EXERCISE DESCRIPTION —
Your reproduction of the entries should be exact and should contain no pictures.

WORKING DATA —
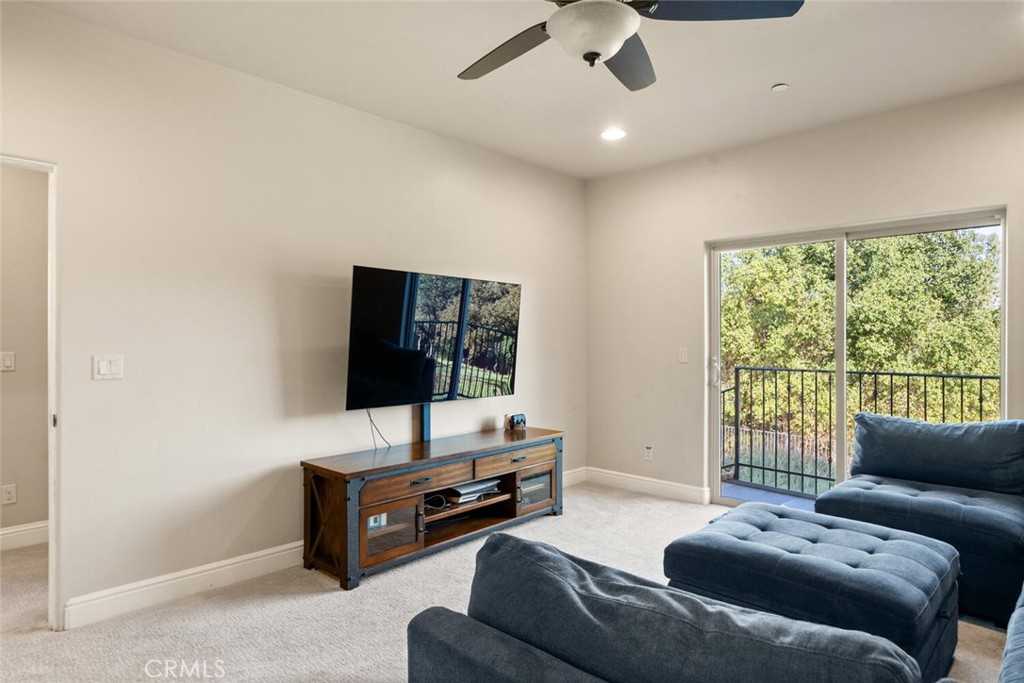 3368 Summit Ridge Terrace Chico, CA 95928 - Photo 29 of 44 a living room with furniture and a flat screen tv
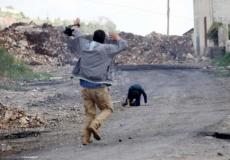 فلسطيني يحاول اسعاف طفل مصاب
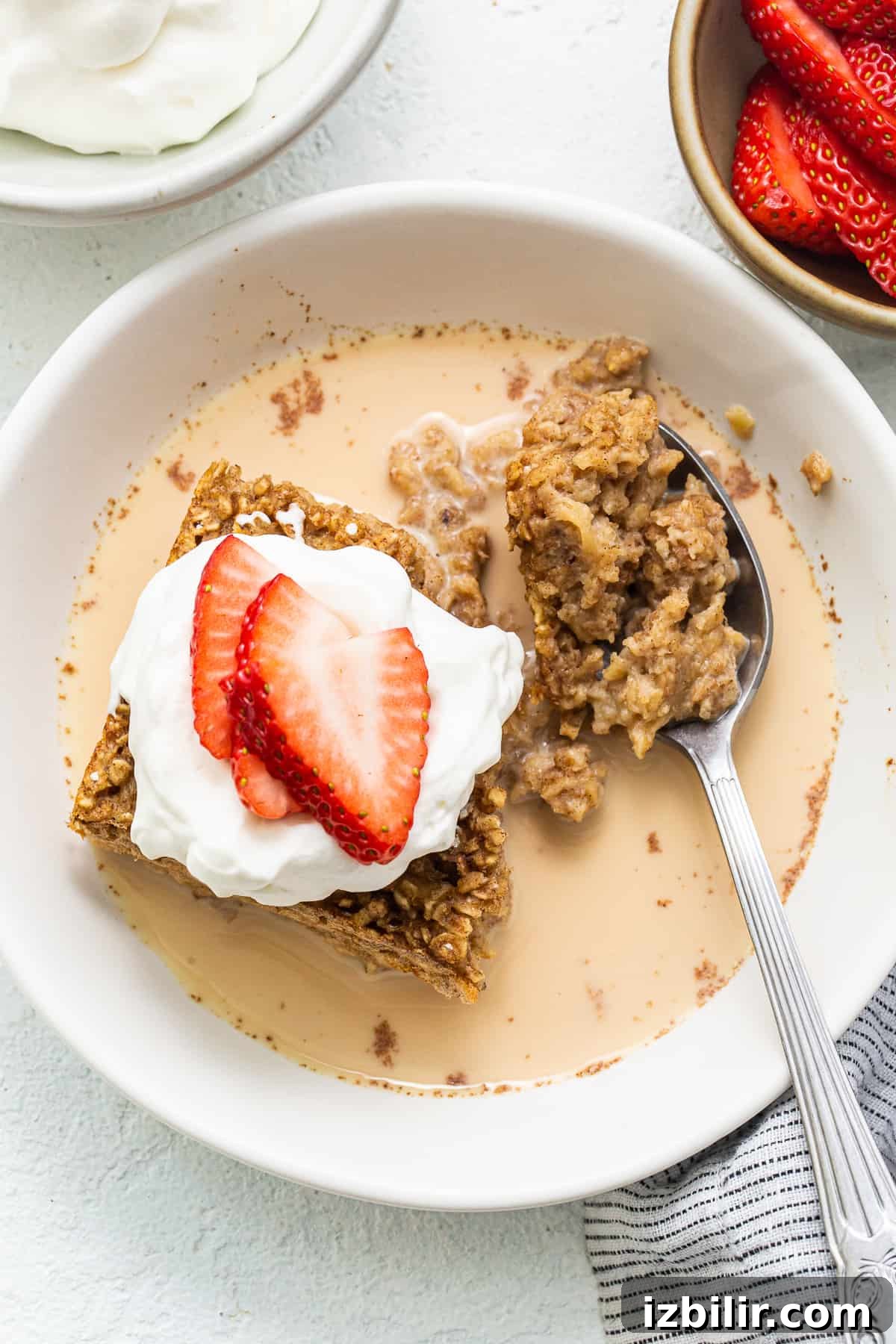 Tres Leches Baked Oatmeal Slice of tres leches baked oatmeal in a bowl topped with strawberries.
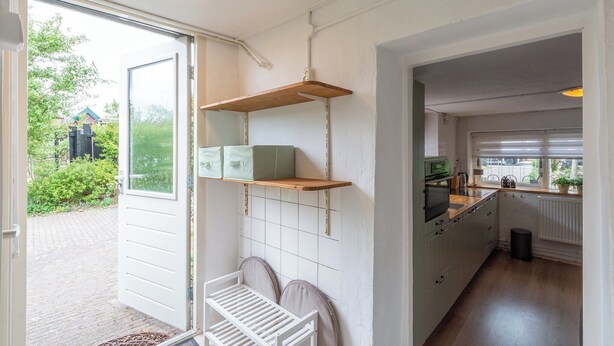 A kitchen with white cabinets, a wooden shelf, and a view of the garden. - Holiday Home in Callantsoog near Beach (Callantsoog)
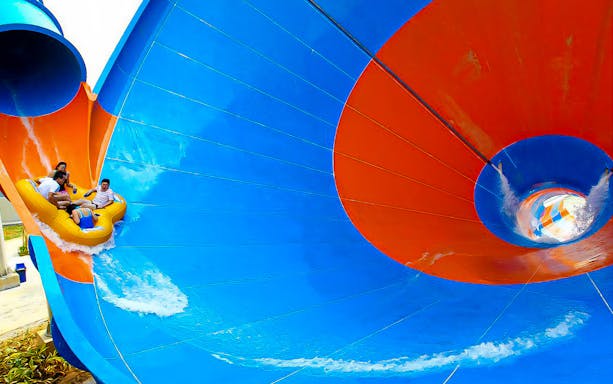 Visitors on a water slide at I-City Theme Park.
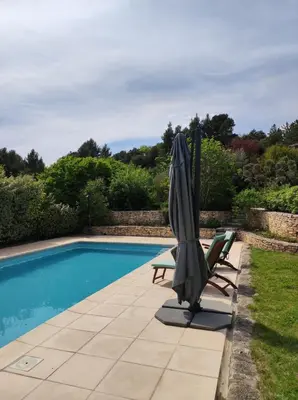 an umbrella and chairs next to a swimming pool at GITE AUX 4 SAISONS DU COLORADO PROVENÇAL - 3 ÉTOILES - Rustrel in Rustrel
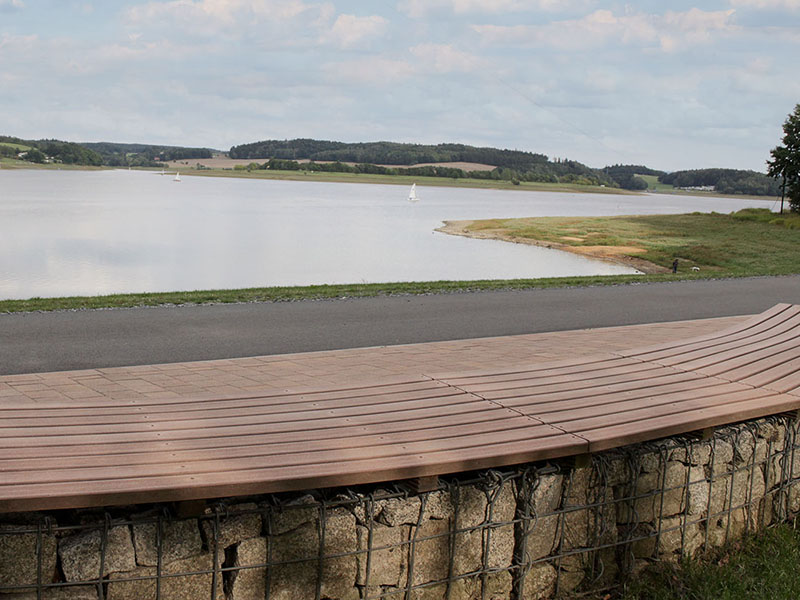 Bank mit Sitzfläche aus braunen WPC Dielen und Blick auf See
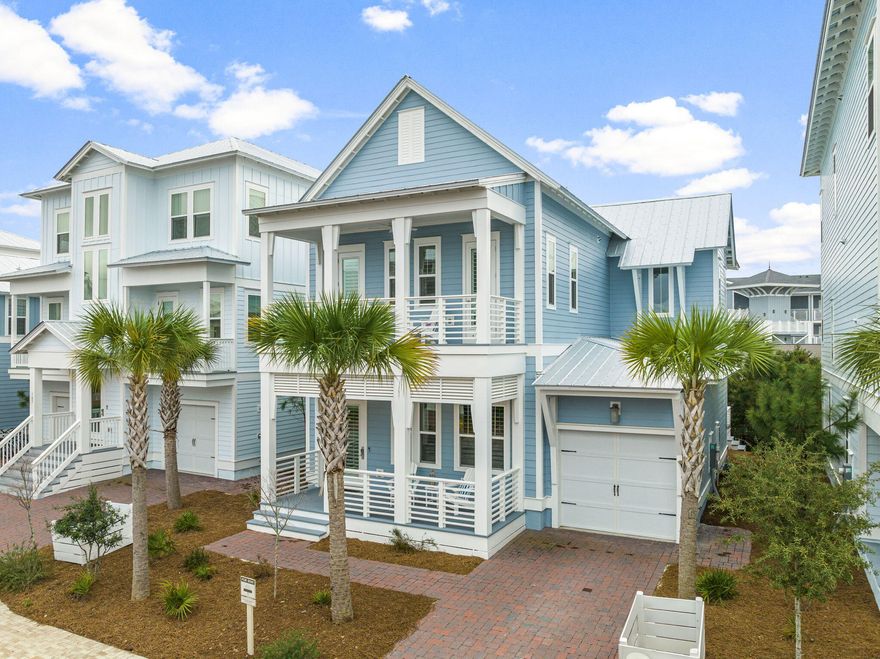 Luxury abounds in this beautifully appointed coastal home. Fully furnished to enjoy as a second home or incredible investment opportunity. Ideally situated on 30A, this home puts you in the epicenter of activity, while providing the peace and tranquility only a view of the sunset and waves can provide. The soaring 14-foot ceilings welcome you into an elegant and spacious family room with custom shutters, hardwood floors, and charming shiplap accent walls throughout. The Laguna floorplan encourages family gatherings with two master suites, one located conveniently on the first floor and the other on the second floor with a large balcony and gulf view.  Enjoy hours of fun with friends and family on the custom extended back patio.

RESULT —
 3368 Summit Ridge Terrace Chico, CA 95928 - Photo 29 of 44 a living room with furniture and a flat screen tv
 فلسطيني يحاول اسعاف طفل مصاب
 Tres Leches Baked Oatmeal Slice of tres leches baked oatmeal in a bowl topped with strawberries.
 A kitchen with white cabinets, a wooden shelf, and a view of the garden. - Holiday Home in Callantsoog near Beach (Callantsoog)
 Visitors on a water slide at I-City Theme Park.
 an umbrella and chairs next to a swimming pool at GITE AUX 4 SAISONS DU COLORADO PROVENÇAL - 3 ÉTOILES - Rustrel in Rustrel
 Bank mit Sitzfläche aus braunen WPC Dielen und Blick auf See
 Luxury abounds in this beautifully appointed coastal home. Fully furnished to enjoy as a second home or incredible investment opportunity. Ideally situated on 30A, this home puts you in the epicenter of activity, while providing the peace and tranquility only a view of the sunset and waves can provide. The soaring 14-foot ceilings welcome you into an elegant and spacious family room with custom shutters, hardwood floors, and charming shiplap accent walls throughout. The Laguna floorplan encourages family gatherings with two master suites, one located conveniently on the first floor and the other on the second floor with a large balcony and gulf view.  Enjoy hours of fun with friends and family on the custom extended back patio.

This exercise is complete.